Required work | Copy nothing but the lines below, from the one with "More Photos Of" through the one with "4517 Munger Avenue - Photo Thumbnail 31", exactly as written; no pictures should appear.

Task inputs |
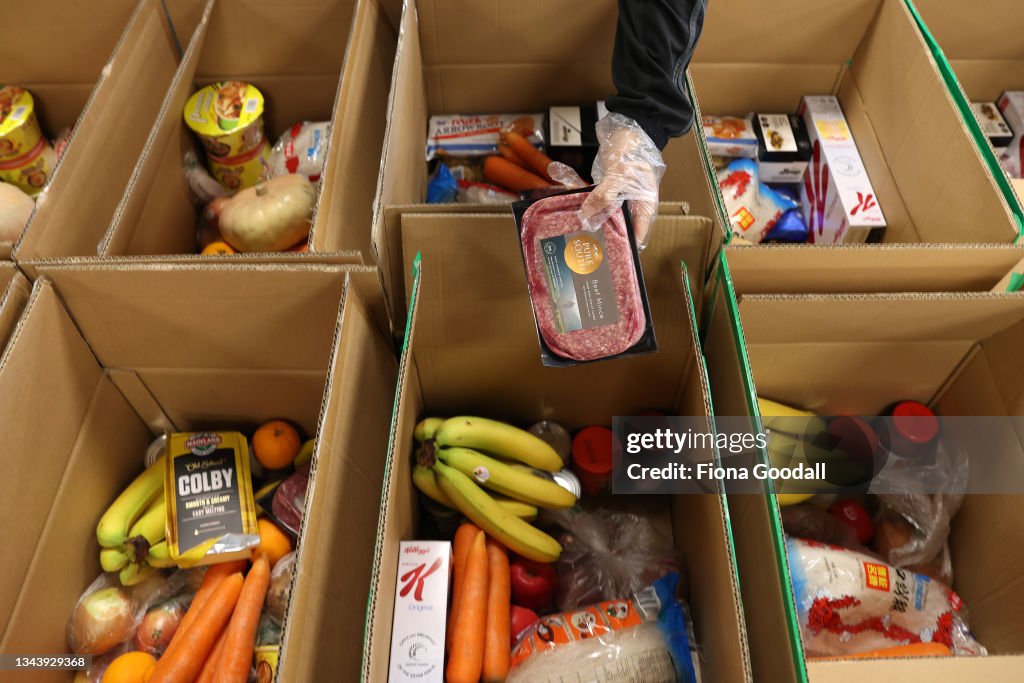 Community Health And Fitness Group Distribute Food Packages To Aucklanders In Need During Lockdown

* * *

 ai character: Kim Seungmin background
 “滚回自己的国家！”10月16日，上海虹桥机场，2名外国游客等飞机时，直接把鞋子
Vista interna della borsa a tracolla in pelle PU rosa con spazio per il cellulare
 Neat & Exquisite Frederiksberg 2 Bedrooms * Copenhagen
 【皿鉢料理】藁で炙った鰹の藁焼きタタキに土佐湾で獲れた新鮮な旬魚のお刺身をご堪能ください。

==

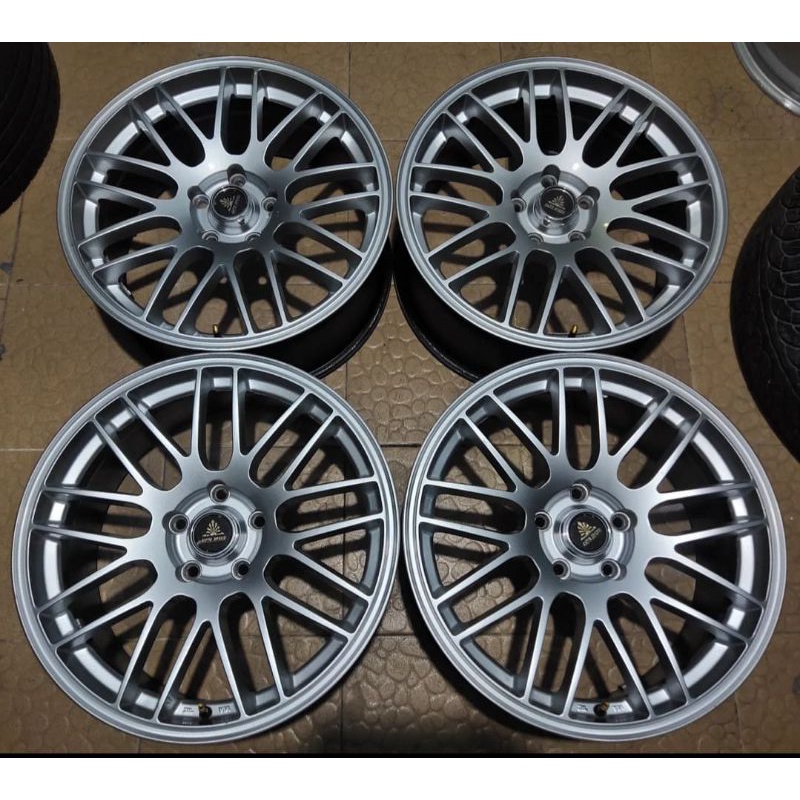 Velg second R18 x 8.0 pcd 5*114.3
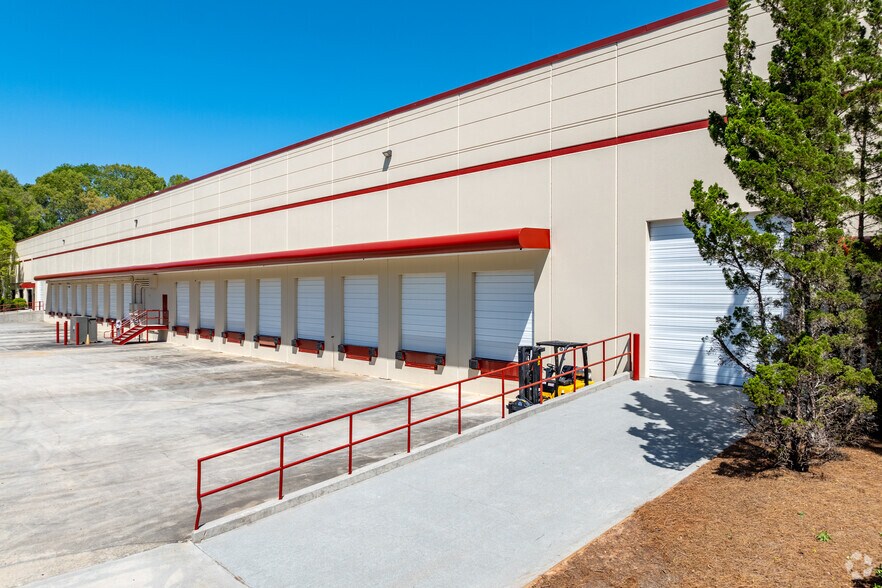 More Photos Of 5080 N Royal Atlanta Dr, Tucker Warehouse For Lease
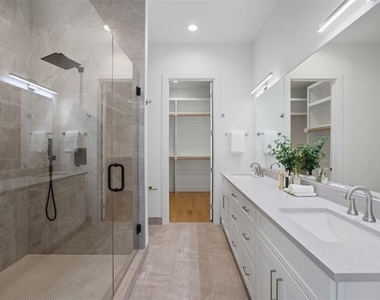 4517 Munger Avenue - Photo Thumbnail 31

Answer space |
 More Photos Of 5080 N Royal Atlanta Dr, Tucker Warehouse For Lease
 4517 Munger Avenue - Photo Thumbnail 31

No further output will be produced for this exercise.